Baby baboons are grooming their parents. Mothers are nursing babies. Siblings are fighting. In the distance some adolescent baboons are scrambling up towering vertical rocks like acrobats. I catch an adult defecating crimson red poop onto a rock. As I walk, I dodge many small reddish piles of baboon scat scattered around the site. They are filled with Opuntia seeds. About 40 prickly pear fruits offer enough calories for an adult baboon for the day, according to Strum. Unlike livestock and some other wildlife, baboons cleverly roll cactus fruits in the dirt to brush off the thorns and fine hairs that can cause infections and digestive issues.
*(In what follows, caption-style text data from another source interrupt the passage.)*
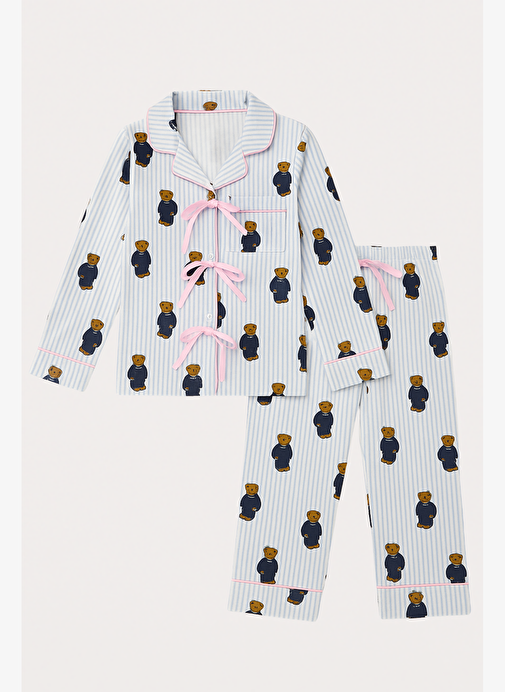 Kadın Teddy Desenli Cepli Pijama Takımı Mavi - 15701876 | Boyner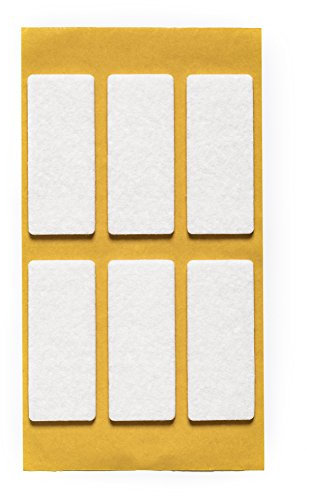 Filzgleiter selbstklebend KREIS, QUADRAT und RECHTECK für Bodenschutz, Kratzschutz oder Stuhlgleiter für Parkett- und Laminatboden | verschiedene Größen und Farben (Rechteck | 25 x 60 mm | 6 Stück)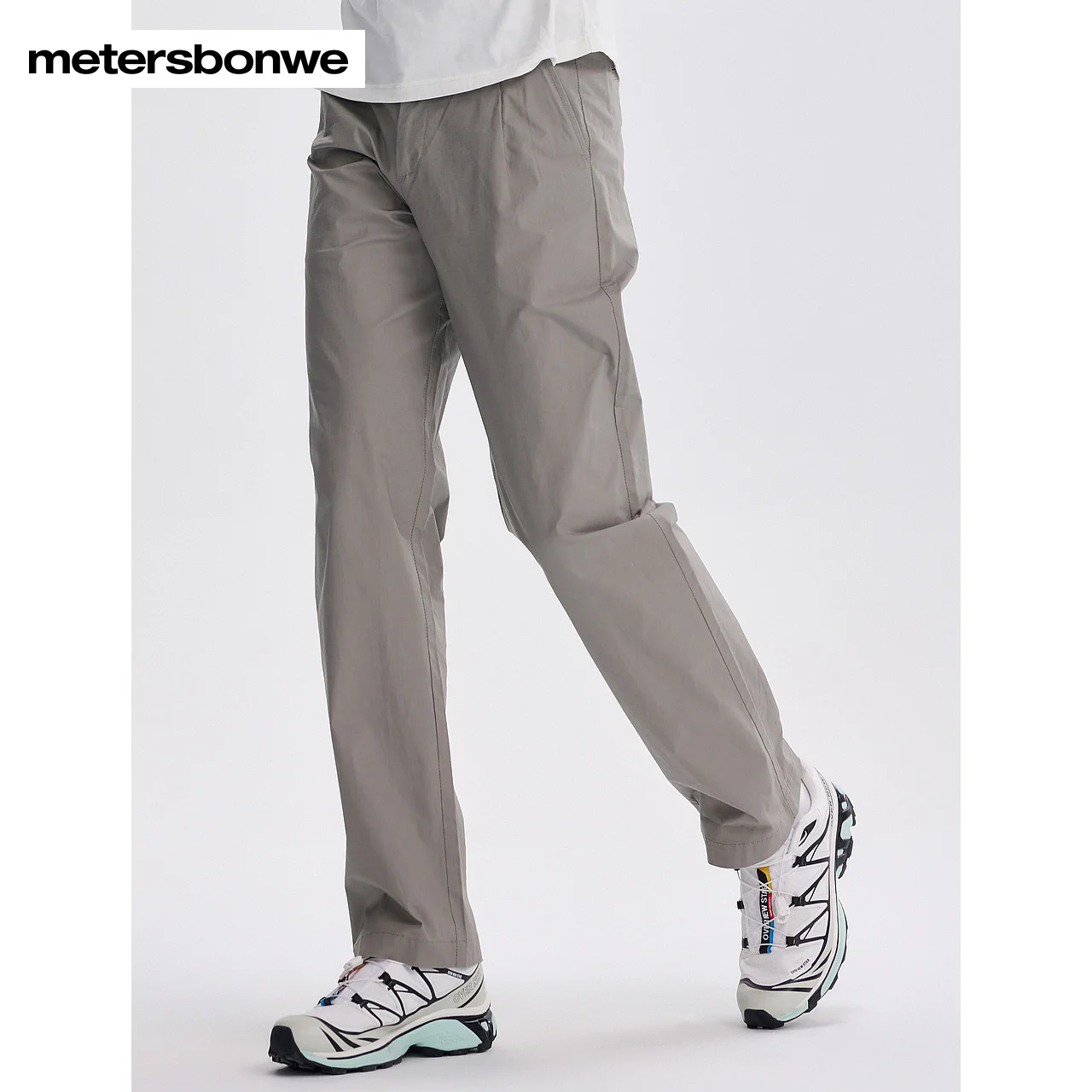 Metersbonwe-Men's Straight Tube Woven Pants Solid Color Angled Pockets Semi-Elastic Waists Trouser Business Casual Young Winter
Given the sweetness of prickly pear fruits that baboons are so fond of, it isn’t surprising that people also find them tasty. A group of women at a cultural center in Naibunga called Twala Cultural Manyatta have been experimenting with making and selling juice, tea, jam, and even cocktails from the cactus fruit. When I (carefully) picked a fruit for the first time and took a bite, I could see the appeal. It tastes like an almost-ripe plum but with slimy, chia-like seeds. Refreshing, if a bit arduous to eat.
While the human residents of Laikipia County aren’t above harvesting and utilizing the fruit of the prickly pear, there is little debate about whether or not the invasive plant should be encouraged to persist. It’s not just that Opuntia cacti are crowding out the native grasses and shrubs that livestock need to survive, or that the cactus-caused spike in human-elephant conflicts has many people worried. Pastoralists also lose cows, goats, sheep, and even camels to cactus-related infections and abscesses (in mouths, throats, and intestines), caused by either trying to eat the Opuntia fruit or by trying to access grass that grows within cactus thickets. Some livestock have gone blind, their eyes impaled by cactus spines. And many people, especially bare-footed children, have suffered foot infections from stepping on the spines.
Almost everyone wants the demonic cactus dead. But eradicating it is a massively thorny challenge.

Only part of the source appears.